Resource management is one of the most challenging aspects of running an agency. Though resource planning is essential for getting business insights and optimal utilization rates, what makes resource management so complex is shifting priorities and the fact that no two resources have equal capabilities. Many agencies follow gut feelings or past experiences when hiring new employees. This is why forecasting team availability is key.

And forecasting team availability also needs to consider forecasting time off (vacations, unpaid time off) and onboarding. As timelines and requests from clients can change on a daily basis, it’s best to keep track of all changes in an end-to-end agency management software.

How to Forecast Resource Management in Productive

Forecasting resources and scheduling teammates on different projects or services will tell you whether your agency needs to hire new talent or contractors in the near future.

Some neat things you can do when forecasting resource management in Productive:

Tailor the look and feel of Scheduling in a few clicks.

Display all your bookings per person or per project.

Edit, duplicate, repeat, split up, or delete bookings.

Use filters to zoom in on what you want to see (particular people, departments, budget).

Turn on heat maps or capacity indicators to see who’s overbooked.

Add placeholders as upcoming bookings, for people who are not yet a part of your team.

Allot time for different teammates and turn on Automatic Time Tracking so their time starts getting logged based on the hours you scheduled. 

3. Forecasting Utilization

Though many dislike it, the seemingly small daily habit of tracking time helps you make big business decisions and will often shape the future of your agency.

With truthful answers regarding where billable and non-billable time was spent, you’ll understand your agency’s utilization rate, the most important metric for your business.

That’s a key thing that we get out of the reports that really feeds into our utilization and resourcing. If we know we’re doing 30% on the internal projects, then we know we’ve got the capacity to take on more work.

Brendon Nicholas
Co-founder and Technical Director,

How to Forecast Utilization in Productive

In Productive’s Reports Library, you can quickly access the following reports:

Forecasted billable utilization by Months

Forecasted billable utilization by People

Forecasted Budget usage by Service

Forecasted Budget usage by Project Manager

What’s more, applying custom fields to certain insights allows you to zoom in on a specific metric or set of information that isn’t available in an insight template by default. 

4. Forecasting Revenue

There are two ways to forecast revenue in Productive:

In forecasting charts and budget overviews in a Budget: this is better for project managers to get a quick glance at what their forecasted will be per a single budget.

In reports, the central place to look at your entire agency’s forecasted revenue.

A. How to Forecast Revenue in Productive Using Forecasting Charts

Forecasting your agency’s revenue will be based on project budgets and scheduled resources. Productive can forecast how much budget you will use in the future, and what your forecasted profit, revenue, and billable time will be. All of that can be viewed at a glance, directly from the budgets screen:

As a project manager, forecasting revenue for specific budgets helps you know exactly what to communicate with your teammates and customers.

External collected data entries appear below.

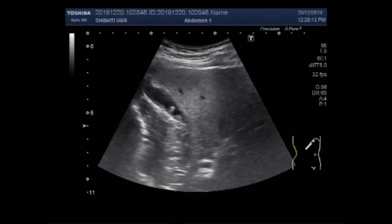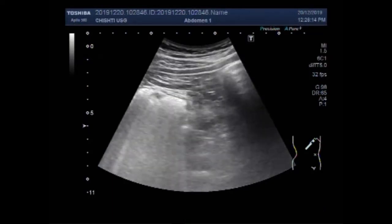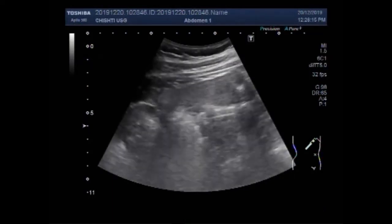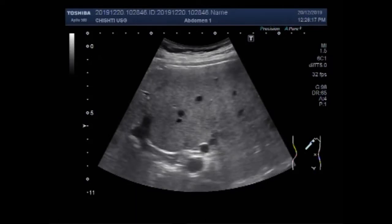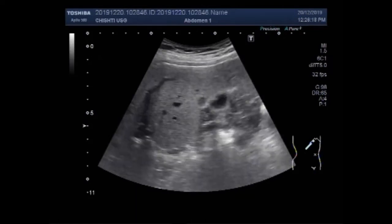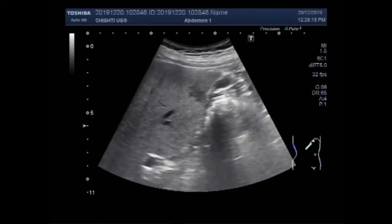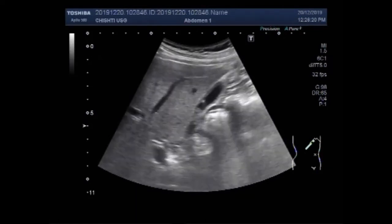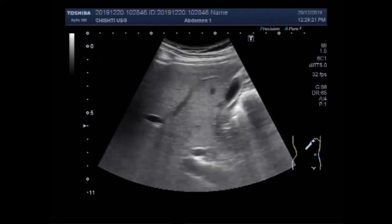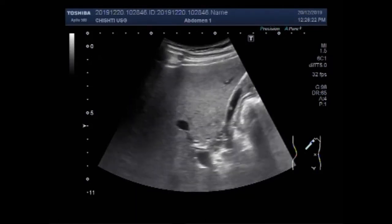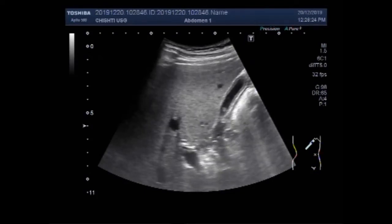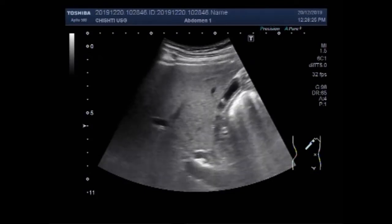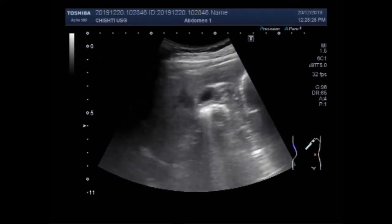Dear viewers, I hope you are all fine. These are two videos. The first video shows the gallbladder polyps and the second video shows gallbladder stones.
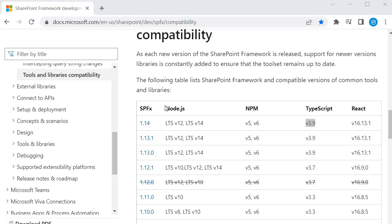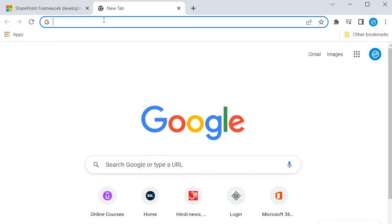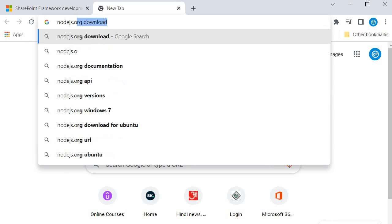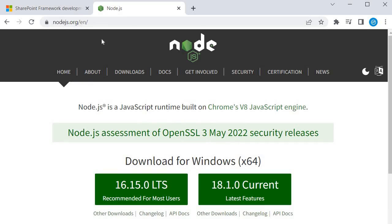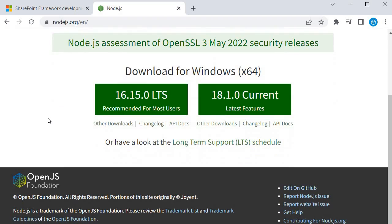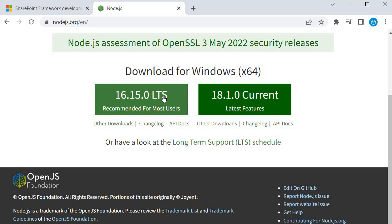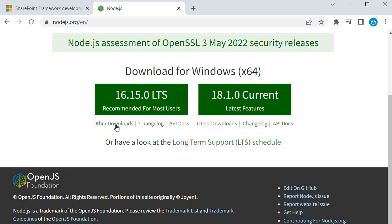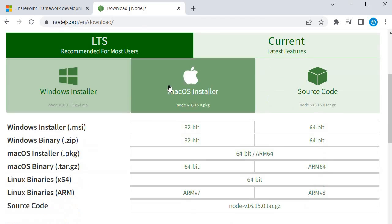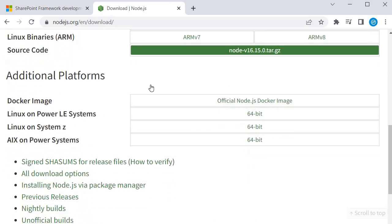To install Node.js, go to nodejs.org. From there, select the 'Other Downloads' option because the latest version showing is 16.15 LTS, which is not supported by SPFx. To get the previous version, click on 'Other Downloads' and then click on 'Previous Releases'.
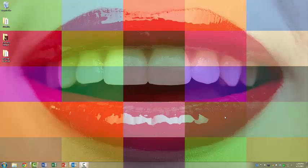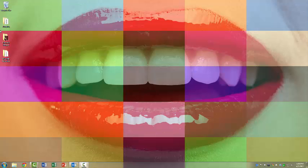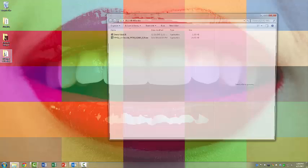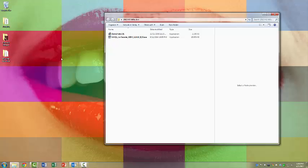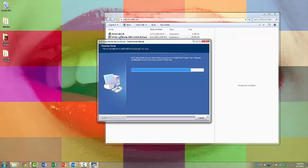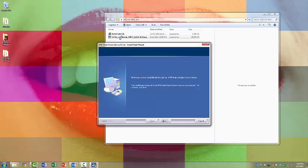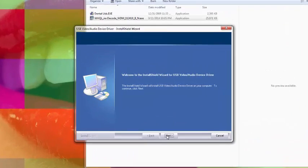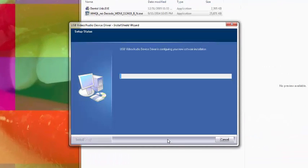So now you're going to double-click on the folder where you copied the files and select the driver to install. And you double-click on that to initiate it. Click Next. And the driver files will all install.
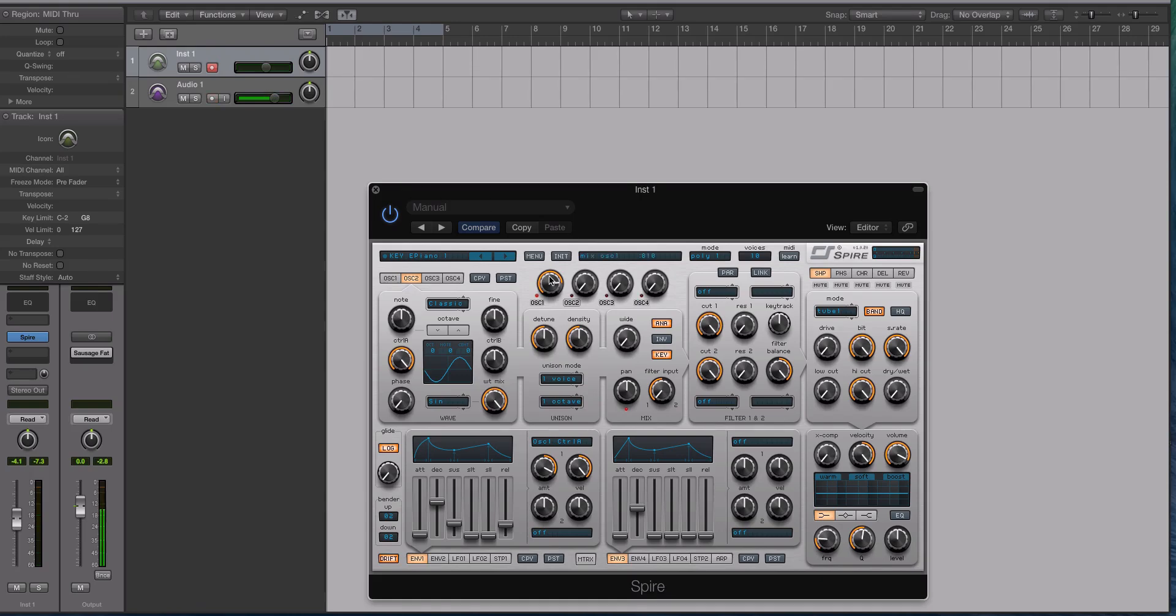So as you can see, or as you can hear rather, it's a very versatile sounding software synthesizer. I'll see you in the next video where we will be discussing the layout.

Forecasting Charts have assisted our organization significantly. The way you can see in a glance that your team is allocated (Scheduled), to how much of the budget you have remaining or to see whether the budget has been invoiced, is obviously extremely insightful.

Patric Osburn
Service Operations Manager,

Watch our webinar about forecasting in Productive and learn how to predict your agency’s future.

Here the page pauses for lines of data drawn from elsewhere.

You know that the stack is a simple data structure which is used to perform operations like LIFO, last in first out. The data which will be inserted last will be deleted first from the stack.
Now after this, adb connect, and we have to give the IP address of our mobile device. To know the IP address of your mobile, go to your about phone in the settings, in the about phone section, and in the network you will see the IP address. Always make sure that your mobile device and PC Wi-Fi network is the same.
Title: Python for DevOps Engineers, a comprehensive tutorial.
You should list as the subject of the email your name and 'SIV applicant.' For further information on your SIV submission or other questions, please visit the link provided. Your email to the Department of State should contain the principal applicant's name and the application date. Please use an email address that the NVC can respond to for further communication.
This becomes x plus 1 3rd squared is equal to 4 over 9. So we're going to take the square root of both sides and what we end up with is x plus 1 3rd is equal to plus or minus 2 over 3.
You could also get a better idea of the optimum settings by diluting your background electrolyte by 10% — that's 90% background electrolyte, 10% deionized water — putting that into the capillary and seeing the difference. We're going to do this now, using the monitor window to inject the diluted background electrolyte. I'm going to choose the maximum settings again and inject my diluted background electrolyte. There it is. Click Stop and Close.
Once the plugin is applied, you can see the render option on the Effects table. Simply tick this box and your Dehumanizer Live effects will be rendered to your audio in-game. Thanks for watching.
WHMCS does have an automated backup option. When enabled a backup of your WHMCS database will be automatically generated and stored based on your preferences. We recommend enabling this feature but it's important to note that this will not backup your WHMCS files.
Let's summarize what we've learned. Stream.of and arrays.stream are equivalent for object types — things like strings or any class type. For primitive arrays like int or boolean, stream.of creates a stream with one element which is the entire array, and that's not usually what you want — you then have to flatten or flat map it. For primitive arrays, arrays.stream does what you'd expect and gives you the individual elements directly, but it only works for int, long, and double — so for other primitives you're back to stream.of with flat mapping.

B. How to Forecast Revenue Using Reports in Productive

To visualize your agency’s future and steer it in the right direction, you’ll need to access a new custom Financials insight that will be:

Filtered by future revenue

Grouped by date

Grouped by project

That way, you can forecast exactly how much revenue each project will bring you in each coming month.

Pro Tips for Revenue Forecasting: Regularly Forecast Your Agency’s Expenses

Every month or quarter, take time to identify duplicate or unnecessary costs such as software licenses that you no longer require. 

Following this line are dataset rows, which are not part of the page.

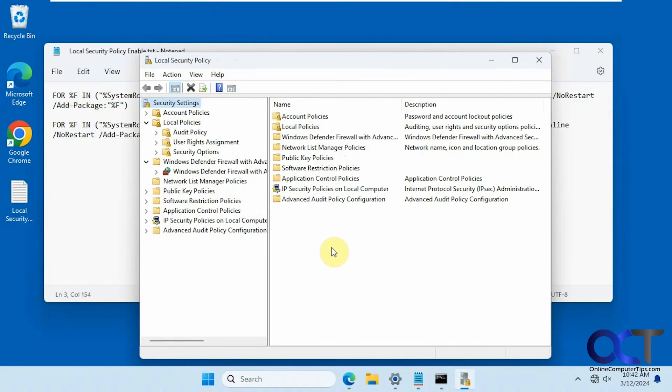And of course, you'll have to do this as a Windows Administrator account or at least have the credentials for a Windows Administrator account to get it going. All right. Thanks for watching and be sure to subscribe.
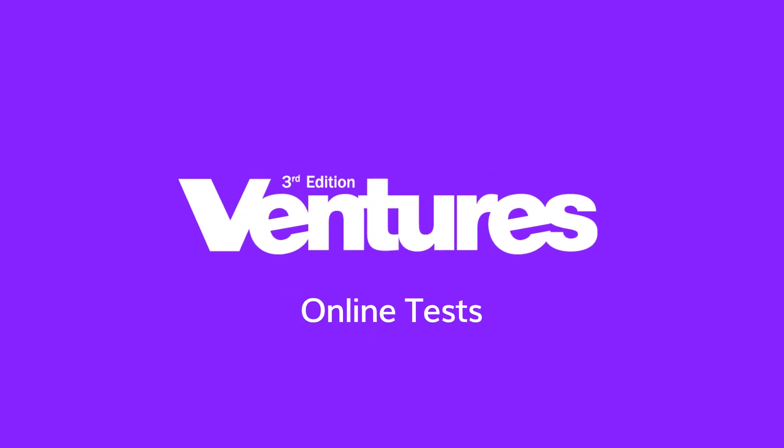Hello and welcome to the Ventures Online Tests on Cambridge One, your new home for digital learning.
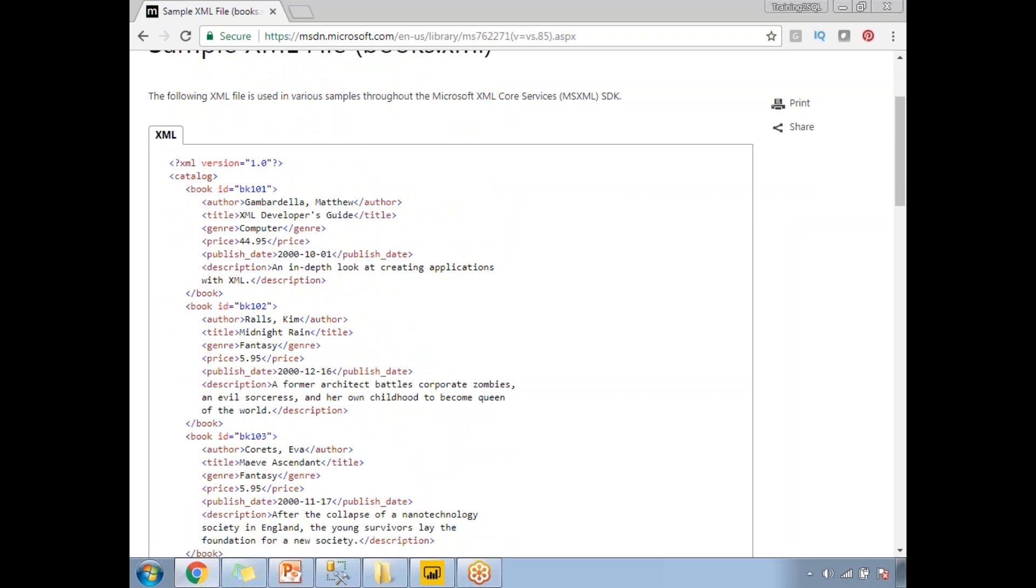You can just copy and paste in your notepad and save it as XML. This is the one which I use for our practice. If you're okay to create your own XML file, you can create that file and use it for your practice purpose. This is how you will connect to the XML files.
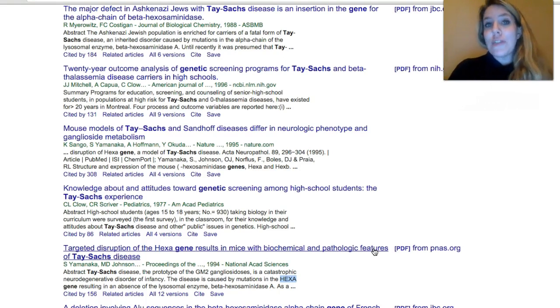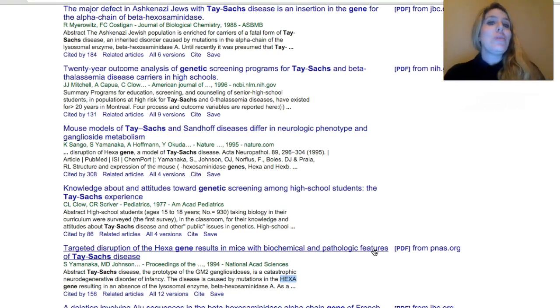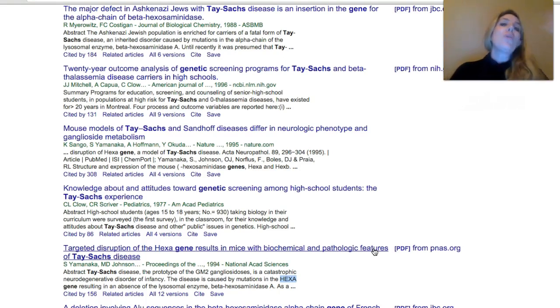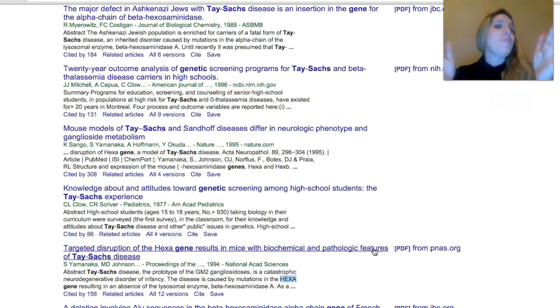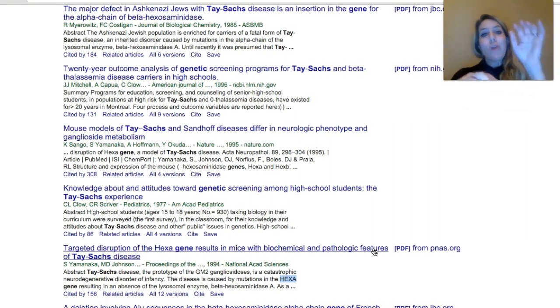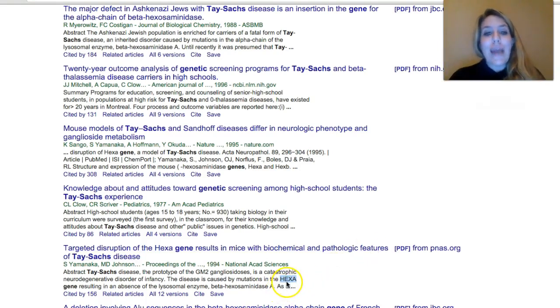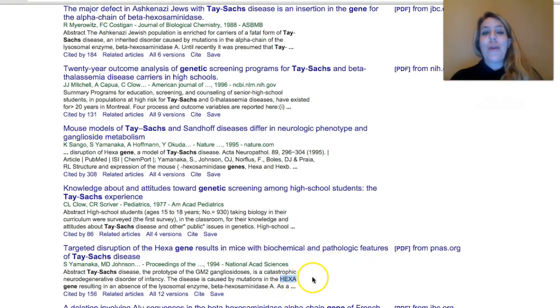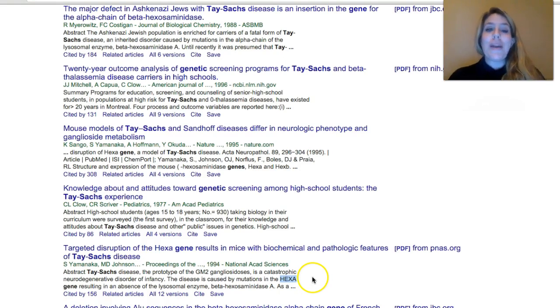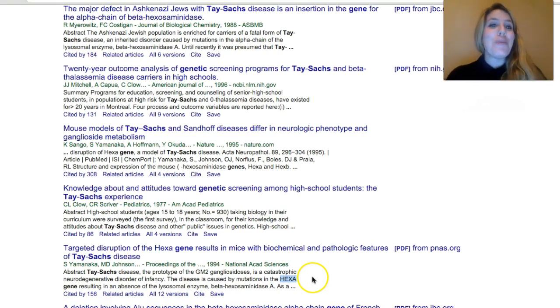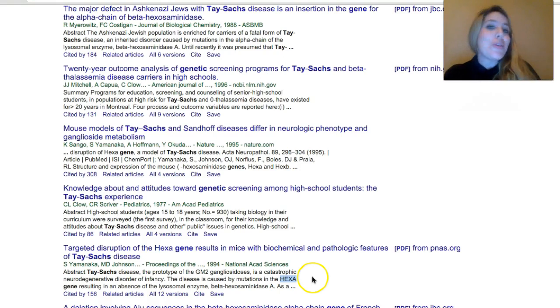So all I do is open up MEGA, query databanks nucleotide in the NCBI database, and I type in Homo sapiens and then capital H capital E capital X capital A. So that's just one example, but happy hunting.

As an agency, there will come a time when you will need or want to outsource work to contractors or collaborate with freelancers. When collaborating with contractors, it’s important to forecast how hiring contractors will affect your revenue. You need to be able to compare the revenue you’d earn without hiring a contractor and by hiring one.

First, to get an idea of your profit with and without the expense of hiring contractors, take a look at some of your similar, completed projects. Then compare the revenue you earned for in-house services with billings for contractors. 

Once you have an idea of the revenue and profit you made by using contractors compared with using in-house talent, you can begin to forecast your agency’s expenses. More details and steps on how to do that in Productive in this article: How to Forecast How Much Your Contractors are Costing You.

Revenue Forecasting is Essential for Shaping Your Agency’s Future

From sales forecasting to resource allocation and project management and expense tracking—there are many factors that play into the data we use for forecasting revenue and profit.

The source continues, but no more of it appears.